凶宅/三津田信三
クライマックスで明らかになる〈ヒヒノ〉らの正体には驚かされました。“この山に棲んでいる”
(50頁)という表現がミスディレクションとなっているのももちろんですが、序盤に“ヒヒノは週末にならないと休みがもらえない、まるでサラリーマンではないか”
(73頁)という大胆なヒントが示されているにもかかわらず、この時点では翔太が〈ヒヒノ〉と“人影”を同一視しているためにあっさり否定されているのが巧妙です。
言葉遊びの域を出ない奇妙な名前のルール(317頁)には脱力ですが、翔太に視点が固定された“一人称的な三人称”により、ほぼ一貫して“父”・“母”・“姉”と名前を意識させない叙述で真相が隠されているのも秀逸。逆にいえば、池内桃子の日記の中で“お父さんがかけた表札がある。池内圭次、昌子、圭一、桃子、梨子、栗子と家族の名前と、その読みまで書かれている。”
(150頁)と、わざわざ家族全員の名前が示されるという不自然な記述が、名前が手がかりであることを示唆しているといえるかもしれません。
一方、家の中に現れた“人影”については、幽霊――過去の死者だと散々ミスリードした上で明かされる、これから死ぬ家族の未来の姿だという真相が面白いと思います。桃子が和室以外でも人影を目撃したにもかかわらず、自殺したのが祖父だけだったというのは、他の自殺者が出る前に引っ越したということかと思われますが、いずれにしても(〈ドドツギ〉らの件も含めて)、桃子の日記が手がかりであると同時にミスディレクションにもなっているのが見逃せないところです。
〈ヒヒノ〉らが家族の別人格であり、“人影”が家族の未来の姿ということで、二つの怪異が同一でもあり別個でもあるという微妙な関係として設定されているのが興味深いところ。

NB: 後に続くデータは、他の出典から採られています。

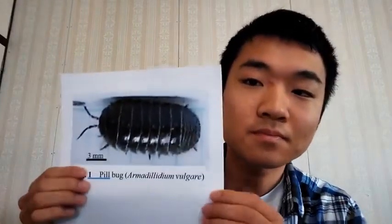A pill bug is like this. It led to the discovery of an antifungal-producing bacterial strain from pill bug vessels. I named it H4.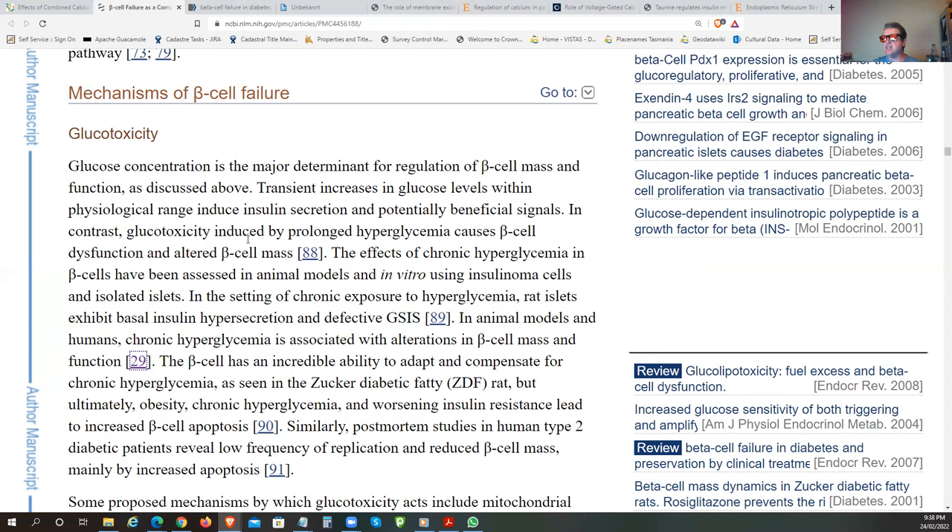Glucotoxicity induced by prolonged hyperglycemia—you can only get prolonged hyperglycemia if you're on a very high carbohydrate diet for a very long time. You basically batter and continuously hit those beta cells, and they can only take so much. Overusing something continuously causes more damage, and nutrition tends to be poor, especially in the high-carbohydrate community.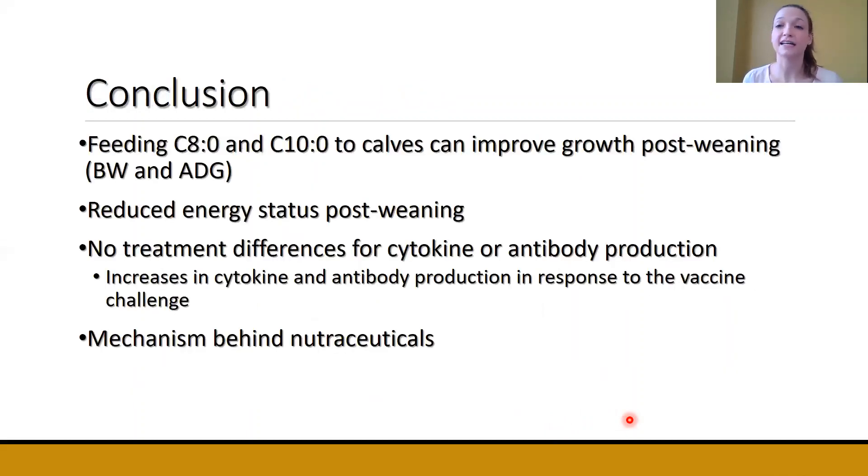In conclusion, feeding caprylic and capric acid to calves can improve growth post-weaning, as seen in both body weight and average daily gain. This suggests that medium-chain fatty acids might help reduce some of the negative effects seen when we wean calves. By looking at energy balance markers, we saw a reduced energy status post-weaning. Even though there were no treatment differences in cytokine and antibody production, the increase in antibody production after each vaccination confirms that the vaccine challenge was successful — we simply didn't see treatment differences.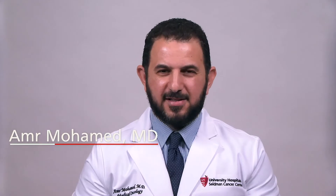Hello everyone, and welcome back. This is Dr. Amir Mohamed, a GI medical oncologist and neuroendocrine tumor specialist at UH Seidman Cancer Center. Today I would like to talk to you about targeted therapy and types of systemic therapies that we offer our neuroendocrine tumor patients.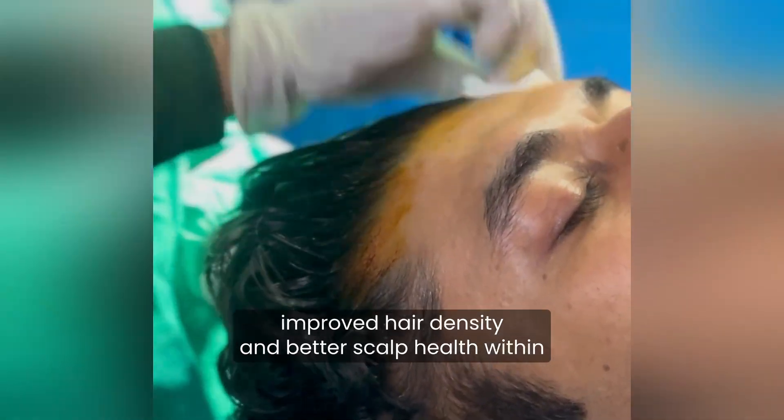Many patients notice reduced shedding, improved hair density, and better scalp health within a few months.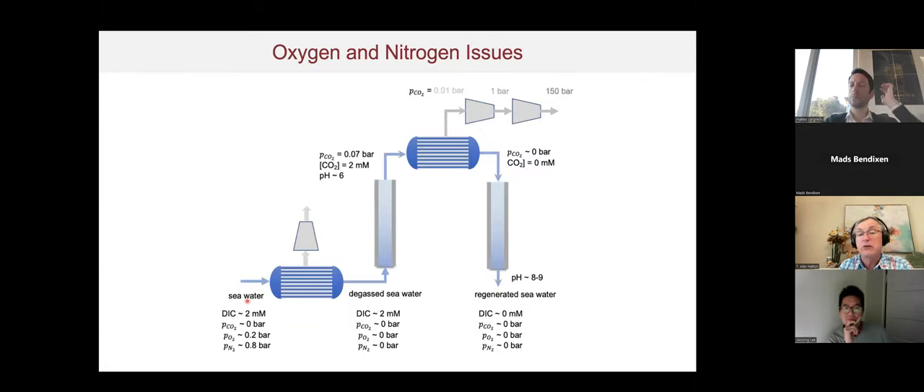Another issue is oxygen and nitrogen co-removal: ocean water contains significant dissolved O₂ and N₂, which are pulled off along with CO2 when vacuum is applied. The proposed solution is to pre-degas the ocean water before sending it to the treatment cells, yielding pure CO2 off-gas. However, even when all dissolved inorganic carbon is converted, CO2 partial pressure is only about 0.07 bar, requiring additional compression costs.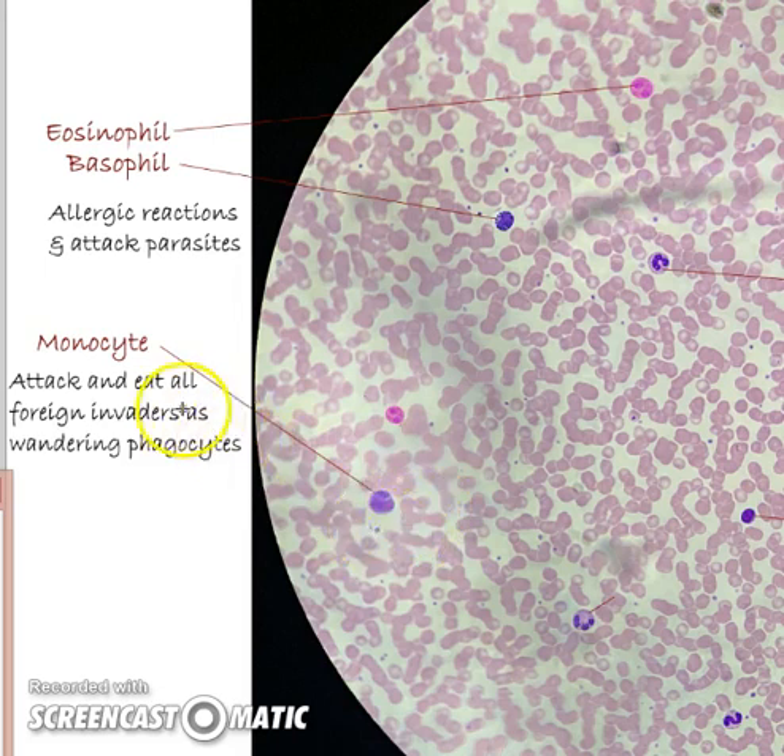Monocytes are going to attack everything — splinters, bacteria, anything that doesn't belong. Even cells that become cancerous can get scoured away. In fact, when you get an illness and have mucus with yellow in it, or an infected sore, a lot of that pus is the dead monocytes. They just die saving your life.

またこれに関して、「『凶宅』(三津田信三/光文社文庫) - 三軒茶屋 別館」の“三津田版ドッペルゲンガー”
という解釈になるほどと思わされました。
事態が一応の終息をみせた後の、“昨日の夜、羊のハネタが出たよ”
(348頁)という最後の一行が非常に秀逸で、明かされた際には脱力ものと思われた言葉遊びをうまく生かして、何が起きているのかを鮮やかに、かつスマートに示しているのが見事です。